:: EXERCISE ::
Your output must consist of the records printed verbatim, with the pictures excluded.

:: RECORDS SUPPLIED ::
☆ ☆ ☆
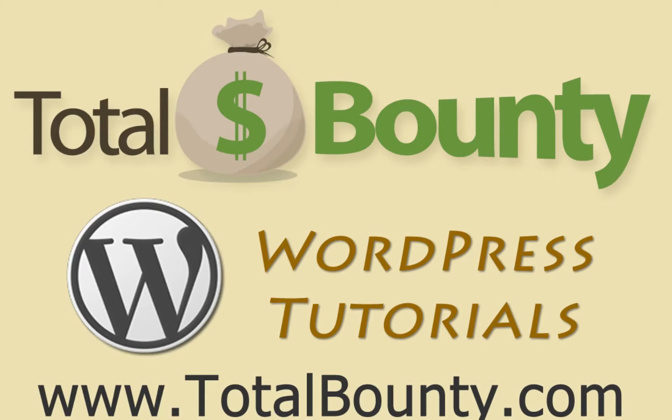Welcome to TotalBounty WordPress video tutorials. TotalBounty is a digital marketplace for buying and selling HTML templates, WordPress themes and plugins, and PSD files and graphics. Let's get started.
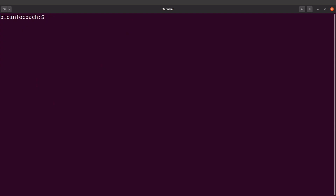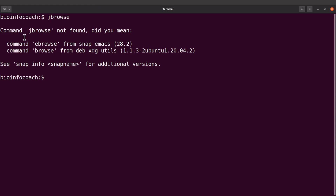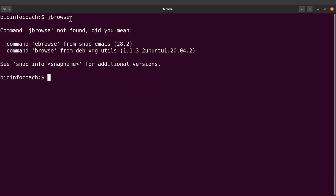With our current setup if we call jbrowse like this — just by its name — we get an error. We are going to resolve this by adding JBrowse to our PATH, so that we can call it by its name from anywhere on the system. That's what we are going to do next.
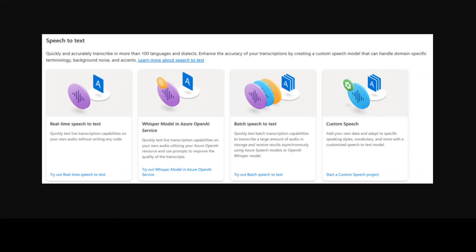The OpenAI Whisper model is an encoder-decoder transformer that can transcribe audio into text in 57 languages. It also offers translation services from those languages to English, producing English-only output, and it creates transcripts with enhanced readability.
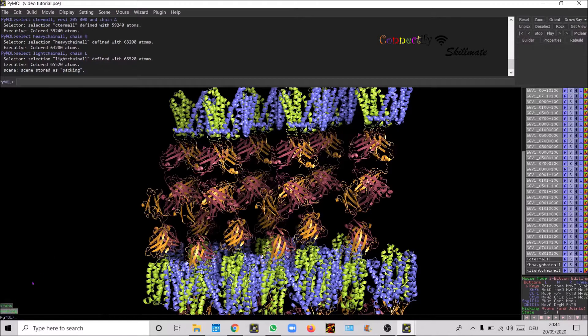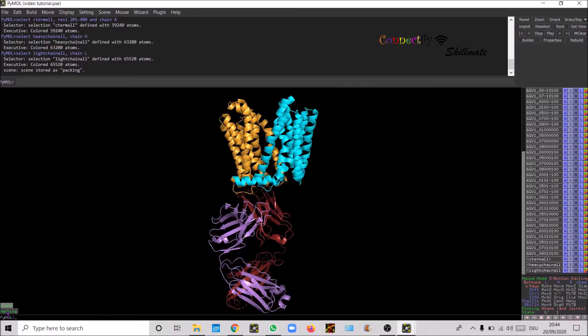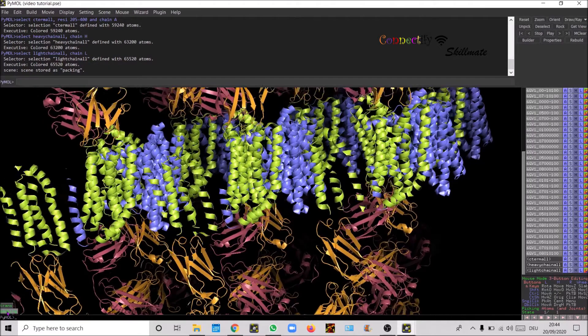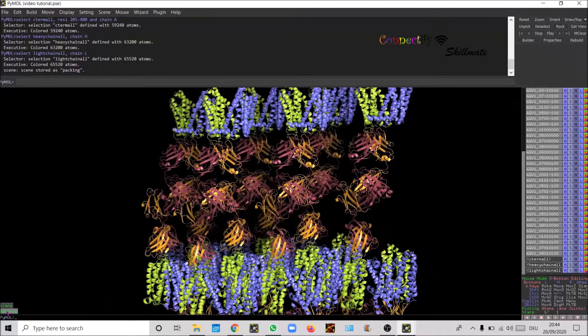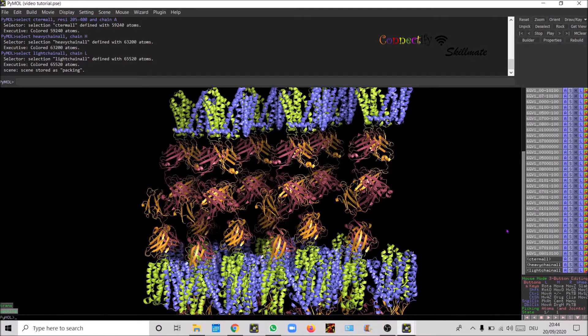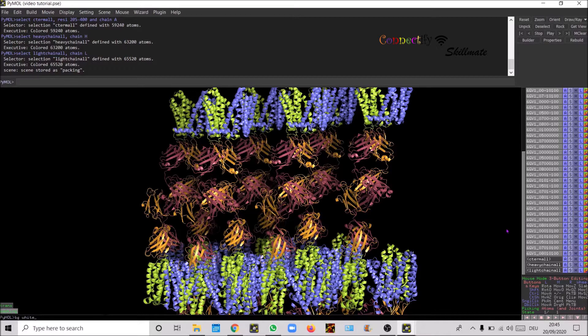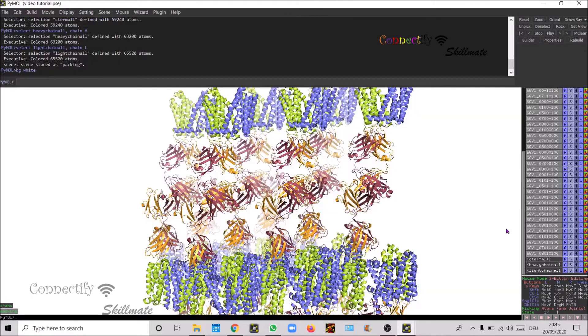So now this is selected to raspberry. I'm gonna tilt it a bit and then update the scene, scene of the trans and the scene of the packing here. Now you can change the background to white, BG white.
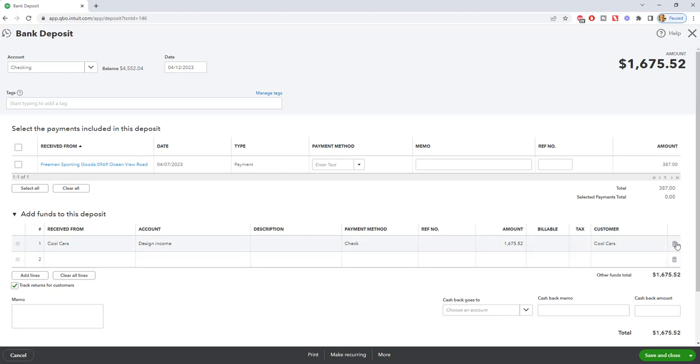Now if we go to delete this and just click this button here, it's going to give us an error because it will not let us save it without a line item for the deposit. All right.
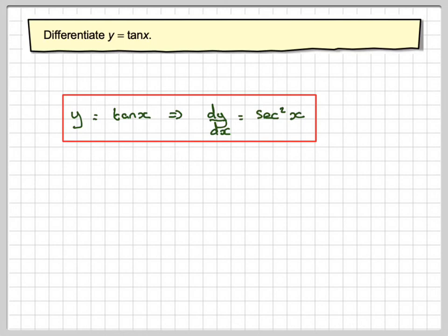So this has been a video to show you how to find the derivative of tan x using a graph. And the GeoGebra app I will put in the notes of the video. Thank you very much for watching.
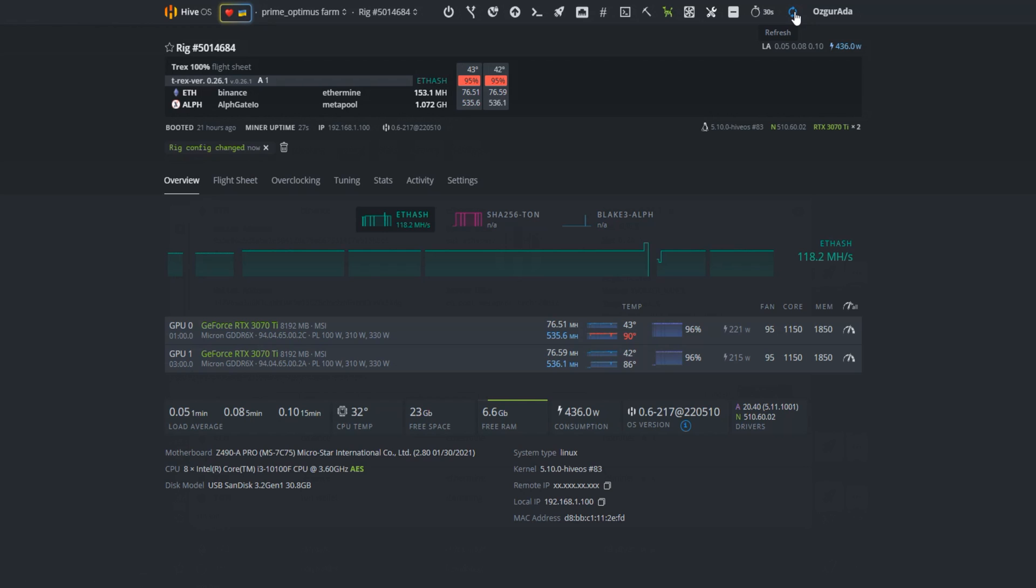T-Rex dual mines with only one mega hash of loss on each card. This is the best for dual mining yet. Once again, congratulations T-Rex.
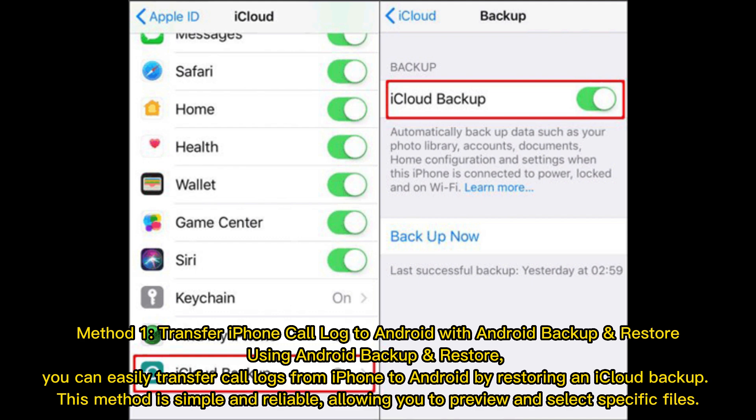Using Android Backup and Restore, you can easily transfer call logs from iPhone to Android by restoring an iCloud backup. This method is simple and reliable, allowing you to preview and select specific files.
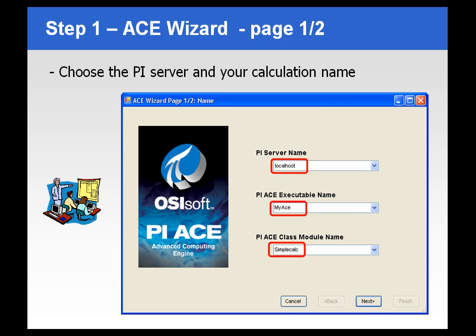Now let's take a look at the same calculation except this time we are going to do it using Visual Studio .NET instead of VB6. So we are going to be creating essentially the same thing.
☆ ☆ ☆
:: SOLUTION TO THIS EXERCISE ::
Welcome to TotalBounty WordPress video tutorials. TotalBounty is a digital marketplace for buying and selling HTML templates, WordPress themes and plugins, and PSD files and graphics. Let's get started.
With our current setup if we call jbrowse like this — just by its name — we get an error. We are going to resolve this by adding JBrowse to our PATH, so that we can call it by its name from anywhere on the system. That's what we are going to do next.
The OpenAI Whisper model is an encoder-decoder transformer that can transcribe audio into text in 57 languages. It also offers translation services from those languages to English, producing English-only output, and it creates transcripts with enhanced readability.
So now this is selected to raspberry. I'm gonna tilt it a bit and then update the scene, scene of the trans and the scene of the packing here. Now you can change the background to white, BG white.
Now if we go to delete this and just click this button here, it's going to give us an error because it will not let us save it without a line item for the deposit. All right.
So this has been a video to show you how to find the derivative of tan x using a graph. And the GeoGebra app I will put in the notes of the video. Thank you very much for watching.
T-Rex dual mines with only one mega hash of loss on each card. This is the best for dual mining yet. Once again, congratulations T-Rex.
Using Android Backup and Restore, you can easily transfer call logs from iPhone to Android by restoring an iCloud backup. This method is simple and reliable, allowing you to preview and select specific files.
Now let's take a look at the same calculation except this time we are going to do it using Visual Studio .NET instead of VB6. So we are going to be creating essentially the same thing.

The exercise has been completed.